For all that these games have in common with Breath of the Wild, two things stand out as differences. The first is that Breath of the Wild basically works, and has been executed with a degree of polish that reassures you that it isn’t about to implode. That might sound a little glib, but it’s a key point of divergence from Ultima Underworld and its legacy. Many of the most beloved PC games of all time stared up at their gorgeous dreams from the buggy and crash-prone gutter. There’s something romantic about their recurring tragic unfinished-ness, but the romance wears off. Nintendo enters this space as the straight-edge artist that you resent at first but whose stability and consistency is needed. The immersive sim, gaming’s White Album, had been getting by on a string of John Lennons and George Harrisons. It needed a Paul McCartney.
The second major difference, and perhaps the most obvious, is the type of story that Breath of the Wild tells and how it tells it. From System Shock to Far Cry 2 and Skyrim, simulation has traditionally been employed in service of a serious, detailed narrative. Although these games are often platforms for strong writing, this has always created a disconnect to one degree or another. The freedom that Dishonored affords its player allows it to act as an intelligent fable about abuse of power: but it also means that it is sometimes a game about eating a lot of eels, and sometimes a game about seeing if you can topple a tyrant by throwing a dog at him. Its strengths can create weaknesses in that regard.
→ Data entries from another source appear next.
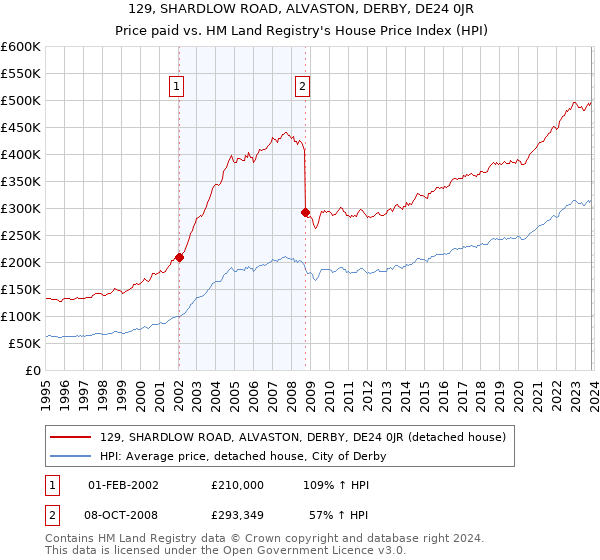 129, SHARDLOW ROAD, ALVASTON, DERBY, DE24 0JR: Price paid vs HM Land Registry's House Price Index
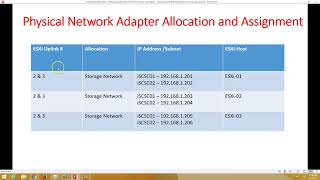 VMware Certification VCP 65  07 Configuring Multi Pathing Network for Storage Access [upl. by Inalawi229]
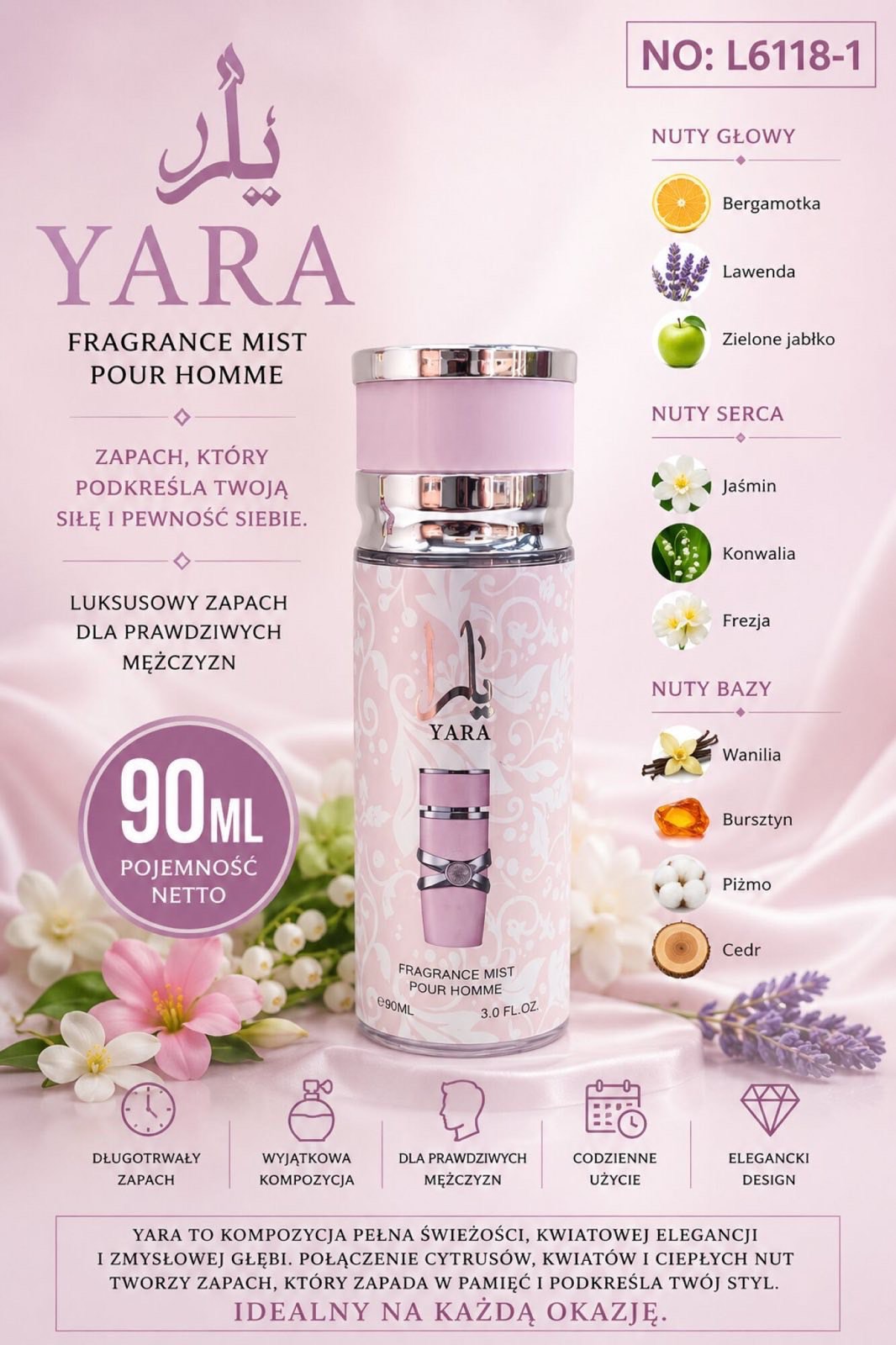 Perfumy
By contrast Breath of the Wild is a fairytale and happy to be one. It has a huge, evocative world, a sense of humour, and a plot that fits on a page. Nintendo abdicates the narrative aspect of the immersive sim’s traditional vaunting ambition, but this feels a little like wisdom. A lighter tone suits the immersive sim, whose best moments have always traditionally revolved around something falling off something else. There’s a degree to which these developers have always been trying to write a Neal Stephenson novel using only Tom and Jerry’s vocabulary – of course it would be clear-thinking Nintendo that eventually came along and just made a cartoon instead.
Breath of the Wild doesn’t solve all of the immersive sim’s problems: the difficult matter of narrative is still worth tackling, and the attempt is still yielding fruit in the form of games like Firewatch and Gone Home. But what it does do, and what I find most heartening about it, is highlight everything that is wonderful about a game where a grenade can roll down a hill, or where a homemade fire arrow can imbue the player with a phenomenal sense of achievement while encouraging further playfulness.
In entering this design space Nintendo has made a resonant statement about their values as designers, and done much to ensure that these values get passed on to a new generation of players and hopefully a new generation of game creators too. It seems obvious in hindsight, but a kid-friendly, staggeringly well-executed immersive sim is about the best thing that could have happened to the mainstream game industry in 2017. It’s one thing to think about how Breath of the Wild fits into the history of this ambitious form of play: it’ll be something else to watch it make that history in the years to come.